September 2011 Archives

September 19, 2011

A Reasonable Accommodation May be Required Regardless of Whether an Employee is Found To Be 100% Disabled under the Workers Compensation System


Mr. Cuiellette was a police officer employed by the City of Los Angeles. Due to an on-the-job injury, he was no longer able to perform the duties of a field officer. He filed a workers compensation claim and was rated 100% disabled. The City reassigned him to a light duty desk job, which he could perform. When the City realized that Mr. Cuiellette was rated as 100% disabled, it promptly ended his light duty assignment and sent him packing.

Mr. Cuiellette sued, claiming disability discrimination. He claimed that, regardless of the workers compensation disability rating for his officer job, he could do the essential elements of his light duty desk job. The jury agreed, resulting in a $1.5 million judgment, and an appeal. Cuiellette v City of Los Angeles, 194 Cal. App. 4th 757 (April 22, 2011).

The California Court of Appeals upheld the verdict. It declared that a "rating received in the worker's compensation proceeding was not, as a matter of law, a legitimate nondiscriminatory reason for an employer's adverse employment action." Indeed, an employer must engage in the interactive process, and carefully analyze whether an employee can perform the essential functions of his or her job, or other vacant jobs, with or without a reasonable accommodation, regardless of any disability rating. Here, in particular, the Court noted that the City of Los Angeles had a policy and practice of permitting injured employees to perform desk jobs on a long term basis. Thus, it was inappropriate to require that Mr. Cuiellette prove that he could perform the essential elements of his field job, rather than his desk job.

There are quite a number of employers out there that refuse to engage in the interactive process when an employee is found to be mostly disabled by the workers compensation system. The court Cuiellette established that this is wrong. In addition, Cuiellette makes clear that, in at least some instances, a temporary job may be as good as a permanent one. It is important for employees to be aware of their independent rights under the Fair Employment & Housing Act and the Americans with Disabilities Act when they become disabled, and to hold the employer accountable for fully and faithfully engaging in the interactive process.

Jody LeWitter
September 19, 2011

September 7, 2011

Another Strike Against an Employer's Attempt to Force an Unfair Arbitration Agreement Down an Employee's Throat

Ms. Zullo worked for a newspaper publisher, Inland Valley Publishing Company. The employer's handbook contained a policy requiring mandatory arbitration of employment disputes. The handbook stated that any arbitration would be governed by the American Arbitration Association rules, but failed to set forth those rules in detail.
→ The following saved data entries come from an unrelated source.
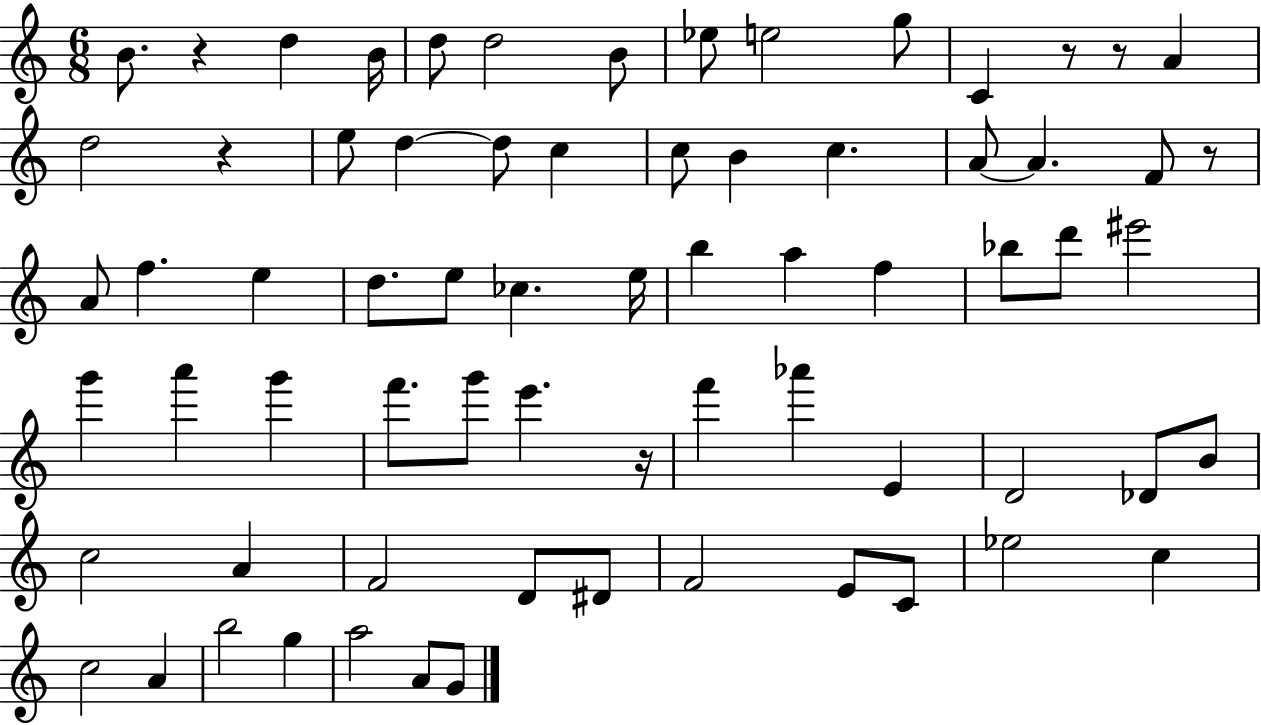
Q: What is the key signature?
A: C major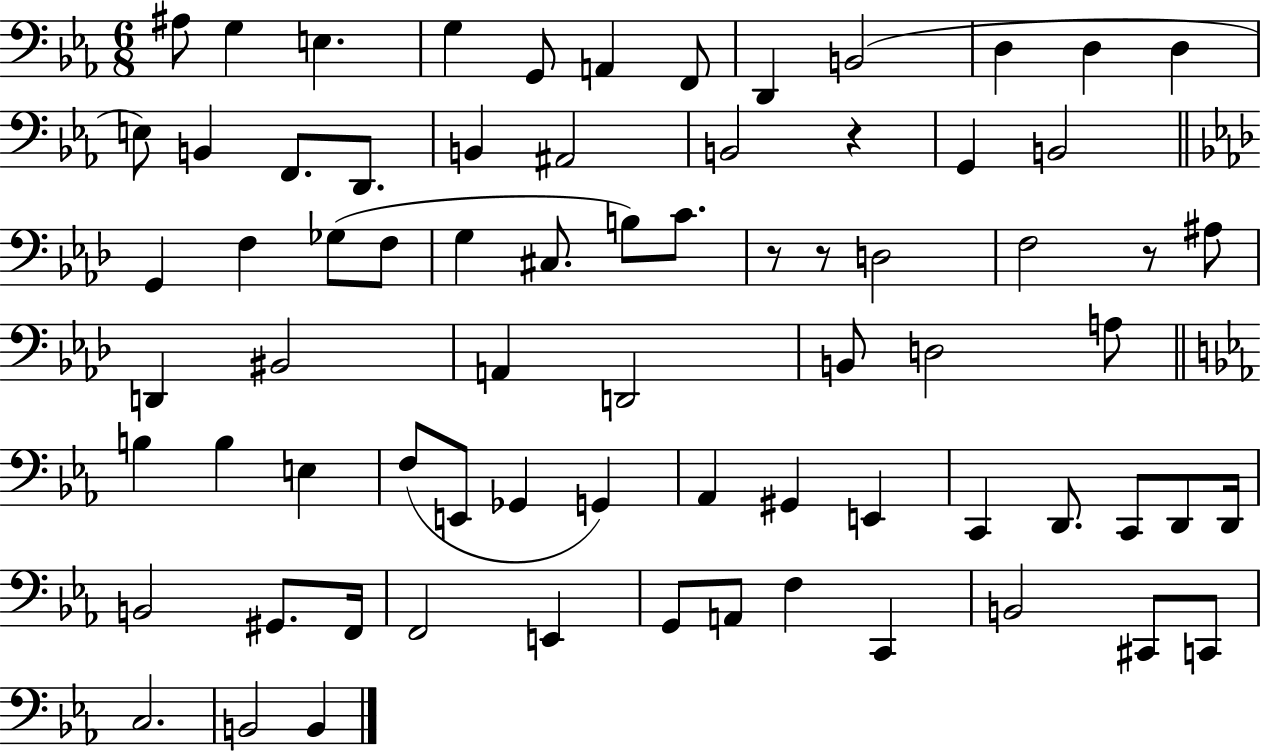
A#3/e G3/q E3/q. G3/q G2/e A2/q F2/e D2/q B2/h D3/q D3/q D3/q E3/e B2/q F2/e. D2/e. B2/q A#2/h B2/h R/q G2/q B2/h G2/q F3/q Gb3/e F3/e G3/q C#3/e. B3/e C4/e. R/e R/e D3/h F3/h R/e A#3/e D2/q BIS2/h A2/q D2/h B2/e D3/h A3/e B3/q B3/q E3/q F3/e E2/e Gb2/q G2/q Ab2/q G#2/q E2/q C2/q D2/e. C2/e D2/e D2/s B2/h G#2/e. F2/s F2/h E2/q G2/e A2/e F3/q C2/q B2/h C#2/e C2/e C3/h. B2/h B2/q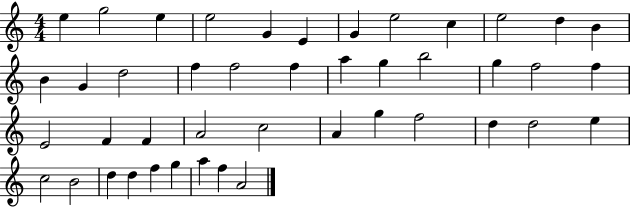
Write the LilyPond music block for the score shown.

{
  \clef treble
  \numericTimeSignature
  \time 4/4
  \key c \major
  e''4 g''2 e''4 | e''2 g'4 e'4 | g'4 e''2 c''4 | e''2 d''4 b'4 | \break b'4 g'4 d''2 | f''4 f''2 f''4 | a''4 g''4 b''2 | g''4 f''2 f''4 | \break e'2 f'4 f'4 | a'2 c''2 | a'4 g''4 f''2 | d''4 d''2 e''4 | \break c''2 b'2 | d''4 d''4 f''4 g''4 | a''4 f''4 a'2 | \bar "|."
}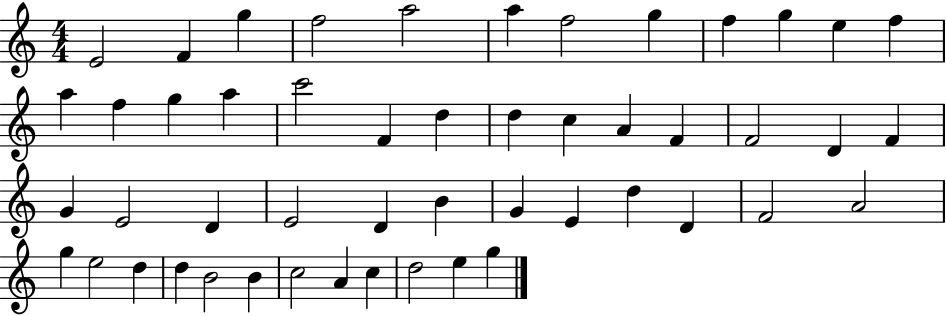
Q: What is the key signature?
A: C major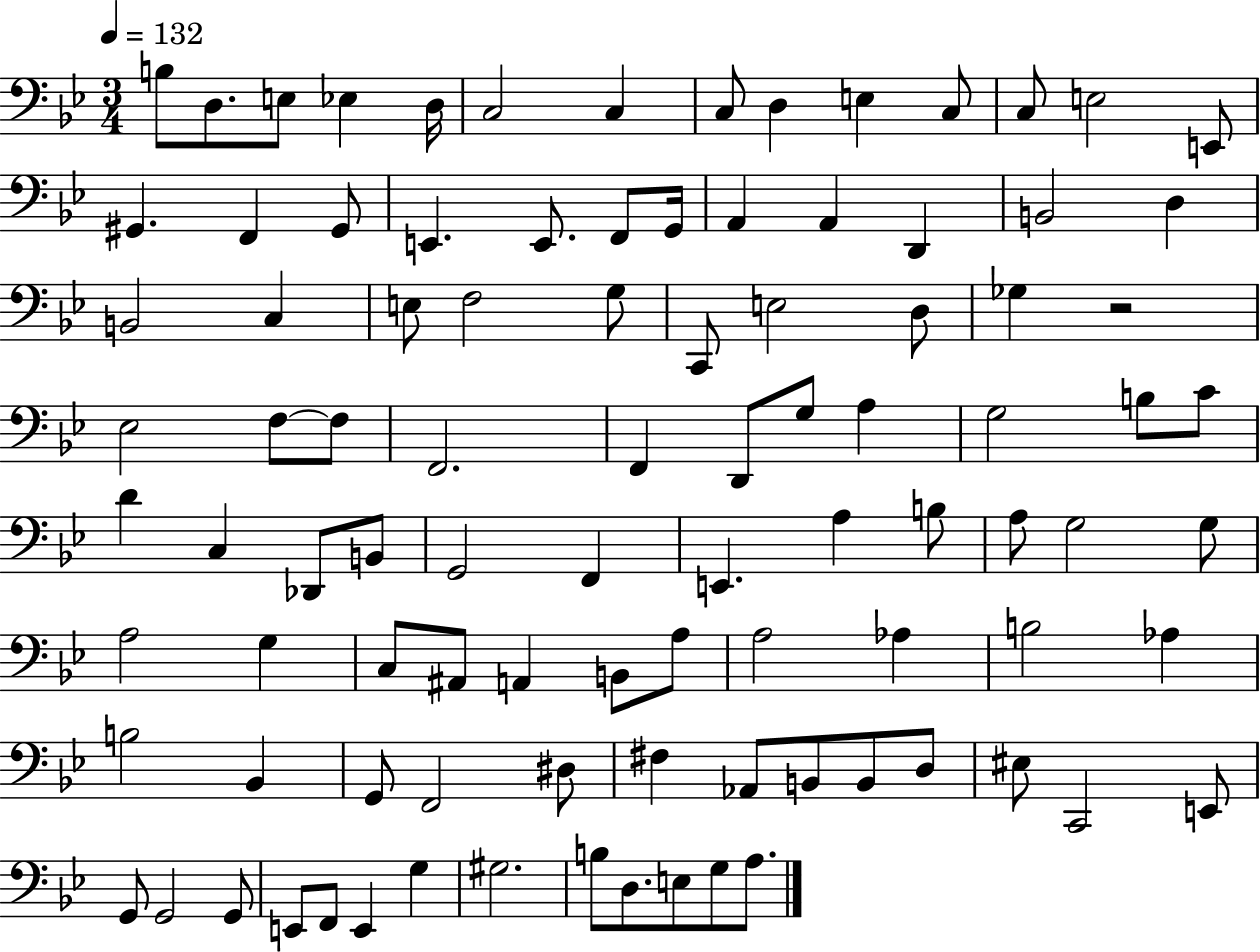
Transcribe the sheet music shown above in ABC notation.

The handbook did require that an employee who filed an arbitration demand meet strict timelines, altered the law by shortening potential statute of limitations, and required that an employee respond to an arbitrator's communication within ten business days. The remedy for an employee's violation of these rules was the dismissal of his or her claims. In order to work for Inland, an employee was required to sign and acknowledge this handbook.
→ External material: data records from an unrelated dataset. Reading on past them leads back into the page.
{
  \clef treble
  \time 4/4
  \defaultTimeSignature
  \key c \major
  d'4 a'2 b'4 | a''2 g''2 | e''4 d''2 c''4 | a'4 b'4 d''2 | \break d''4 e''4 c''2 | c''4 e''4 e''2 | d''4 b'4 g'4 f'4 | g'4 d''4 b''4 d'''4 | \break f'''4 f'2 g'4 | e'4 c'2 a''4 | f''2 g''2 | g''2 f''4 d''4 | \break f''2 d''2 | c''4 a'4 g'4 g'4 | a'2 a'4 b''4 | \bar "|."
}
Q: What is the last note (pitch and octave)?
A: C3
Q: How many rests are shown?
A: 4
After Ms. Zullo was fired, she filed a lawsuit in court. Inland sought an order to send her case to arbitration. The trial court ordered that the case be sent to arbitration. However, the Court of Appeals reversed, holding that the arbitration agreement was unconscionable. Zullo v. Superior Court, 197 Cal. App. 4th 477 (2011).
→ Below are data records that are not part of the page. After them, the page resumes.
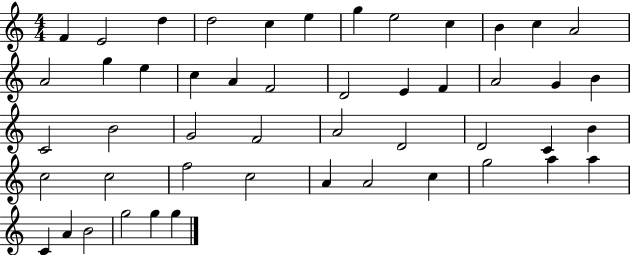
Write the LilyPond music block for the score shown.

{
  \clef treble
  \numericTimeSignature
  \time 4/4
  \key c \major
  f'4 e'2 d''4 | d''2 c''4 e''4 | g''4 e''2 c''4 | b'4 c''4 a'2 | \break a'2 g''4 e''4 | c''4 a'4 f'2 | d'2 e'4 f'4 | a'2 g'4 b'4 | \break c'2 b'2 | g'2 f'2 | a'2 d'2 | d'2 c'4 b'4 | \break c''2 c''2 | f''2 c''2 | a'4 a'2 c''4 | g''2 a''4 a''4 | \break c'4 a'4 b'2 | g''2 g''4 g''4 | \bar "|."
}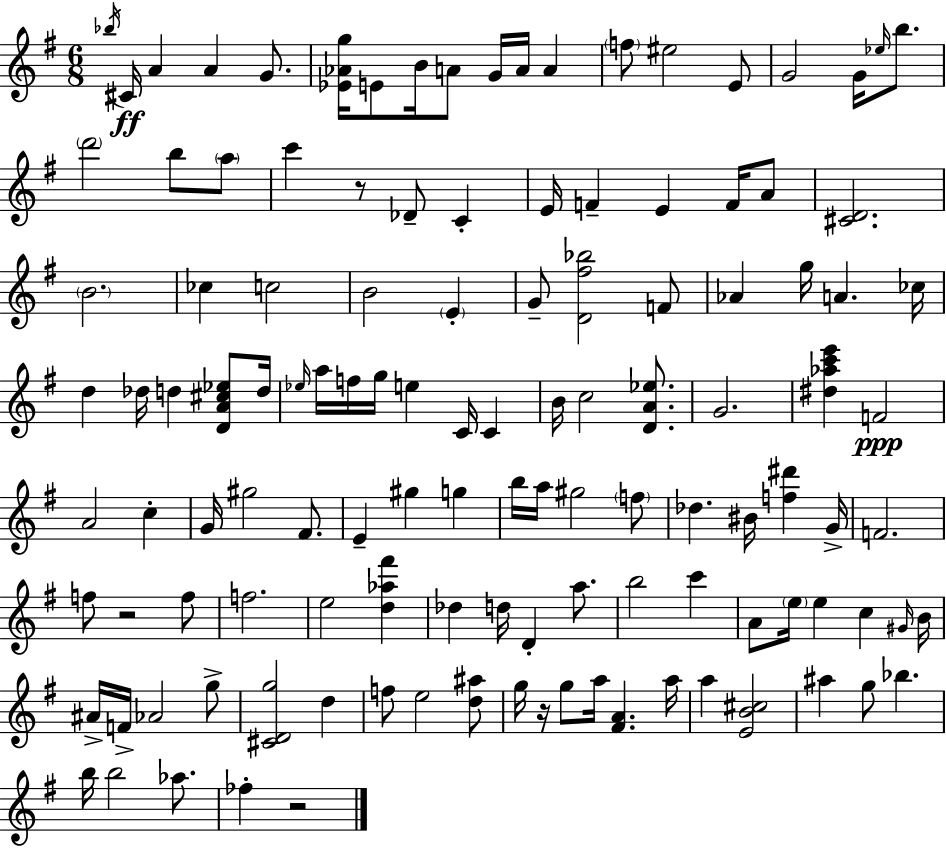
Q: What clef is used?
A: treble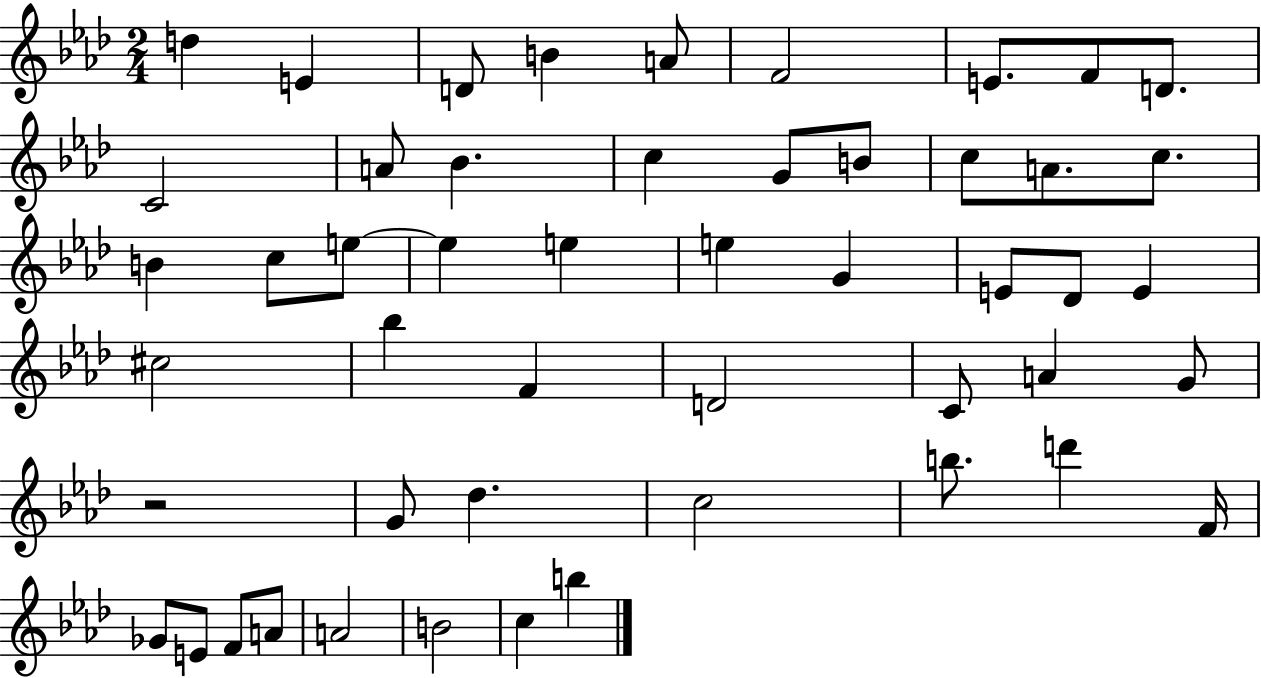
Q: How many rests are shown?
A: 1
It is getting rather tiresome reading all the ways in which employers heavy handedly force employees to "agree" to arbitrate their claims, as well as all the ways in which the employers attempt to manipulate the arbitration process to favor the employer. Even though courts generally keep overturning such overreaching agreements, employers keep promulgating them. The reason is because most employees don't always have the resources and where-with-all to hold the employer to the letter of the law.
Employees are thus required -again and again - to contest these unfair, unequal and illegal arbitration agreements. Here the Court found that the agreement was procedurally unconscionable where the rules weren't clear from the face of the handbook and the situation was really a take-it-or-leave-it one. Interestingly, the Court also found that no testimony need be presented to prove this unconscionability as the handbook "speaks for itself."

The Court also found that the agreement was substantively unconscionable because it altered the law (here the statute of limitations) in favor of the employer, made up timelines (e.g., respond to the employer within 10 business days) to the detriment of the employee, and applied to claims an employee would bring, but not claims an employer might bring.

I can only wish Ms. Zullo the best of luck pursing her claims in state court, where they belong.